HOW TO COMPLETE THIS TASK — Word for word, write out the entries that follow, omitting all pictures.

Dataset items —
• • •

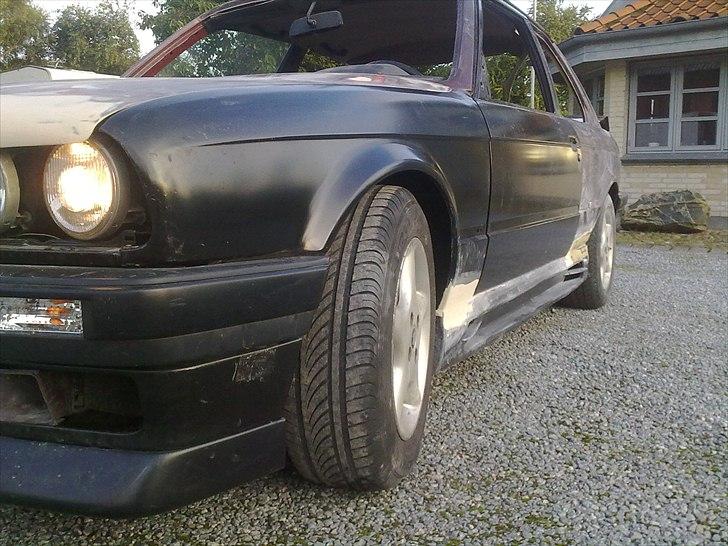 BMW E30 - solgt..  billede 9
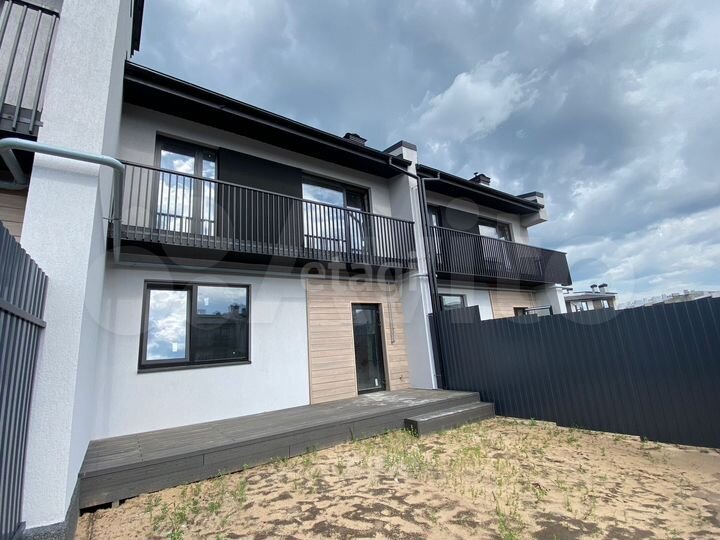 Таунхаус 83 м² на участке 1,5 сот.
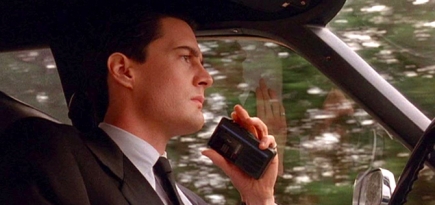 Кайл Маклахлен предлагает использовать кадры из «Твин Пикса» для видеозвонков в Zoom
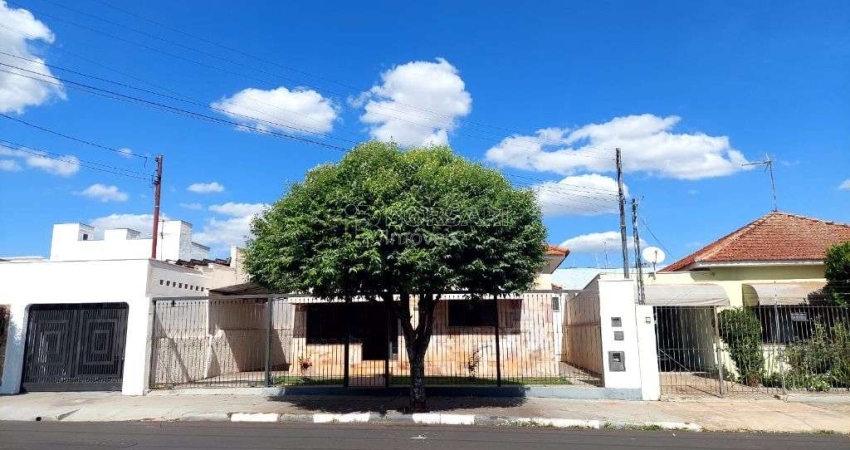 Casa para venda em Vila Harmonia de 186.00m² com 4 Quartos e 2 Garagens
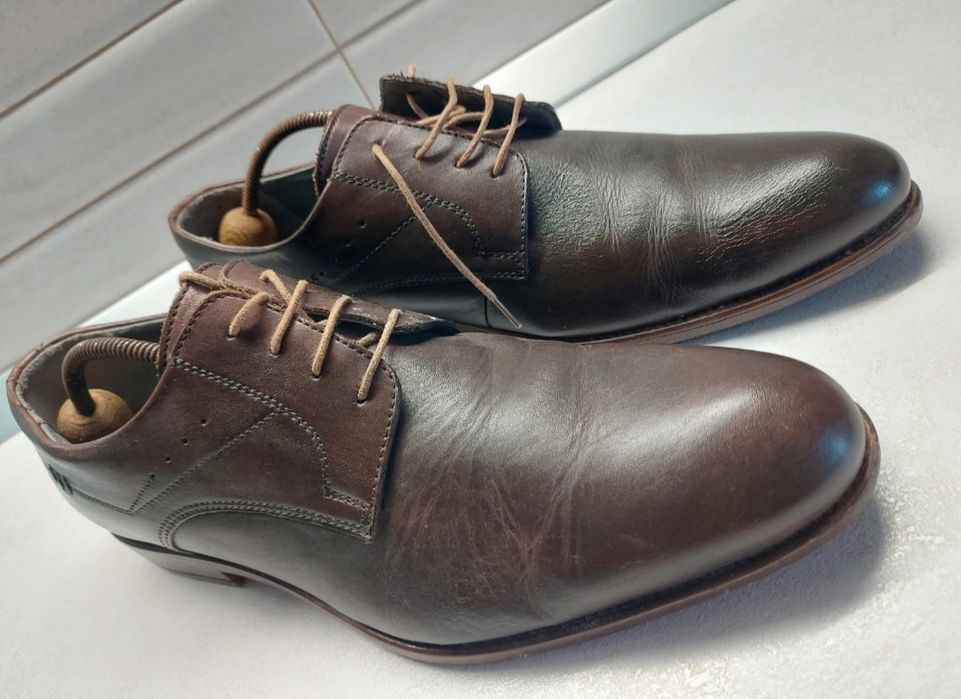 Pantofi din piele Benvenuti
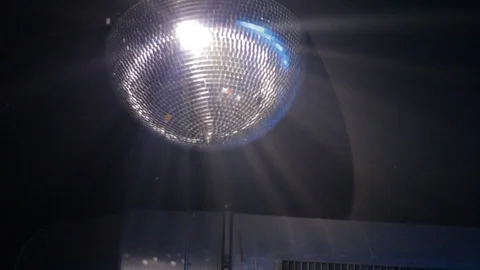 Handheld shot of mirror ball on ceiling of nightclub Vídeo Stock 114848164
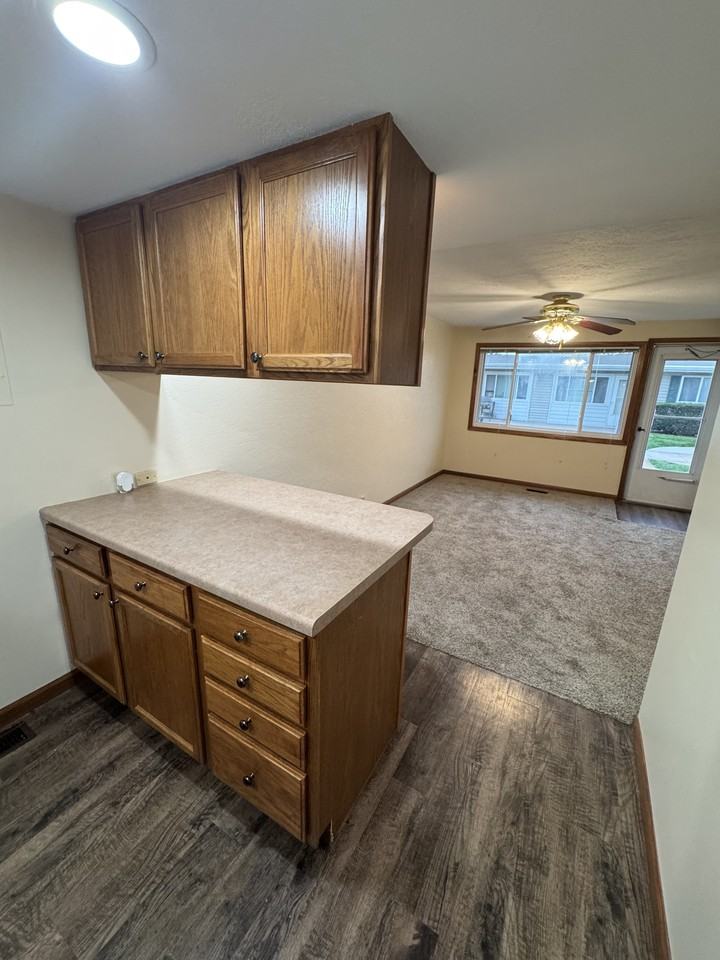 The Preston- 1200 Avenue G - 4 #4 - Photo 2 of 11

• • •

RESPONSE TO THE EXERCISE —
 BMW E30 - solgt..  billede 9
 Таунхаус 83 м² на участке 1,5 сот.
 Кайл Маклахлен предлагает использовать кадры из «Твин Пикса» для видеозвонков в Zoom
 Casa para venda em Vila Harmonia de 186.00m² com 4 Quartos e 2 Garagens
 Pantofi din piele Benvenuti
 Handheld shot of mirror ball on ceiling of nightclub Vídeo Stock 114848164
 The Preston- 1200 Avenue G - 4 #4 - Photo 2 of 11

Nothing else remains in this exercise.